Parser: Handles all other feature detection - both JavaScript features and TypeScript keywords that appear as statements (enum, namespace, implements, decorators, access modifiers). Running detection in the parser ensures consistent error reporting for both .ts and .js files.
Fail-fast at parse time provides:
- Immediate feedback to developers
- Prevents invalid bytecode generation
- Clearer error messages with source context
- No runtime performance overhead
Runtime checks should only exist as defensive programming (e.g., UnimplementedOpcode), not primary feature detection.
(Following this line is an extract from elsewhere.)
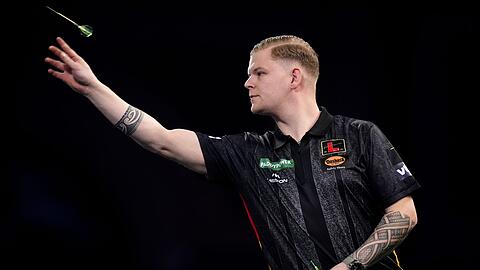 Mike De Decker kritisierte das Publikum im Alexandra Palace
Before consolidation, features like class and enum were detected in the stripper for .ts files but only in the parser for .js files. This created inconsistent developer experience based on file extension. Moving all keyword-level detection to the parser ensures all developers see the same helpful error with rich formatting (source context, underlines) regardless of file type.
The features remaining in the stripper are any type detection (because any only appears in type annotation positions that are stripped before the parser runs) and as/satisfies assertion rejection (because these are type-position syntax that the parser never sees).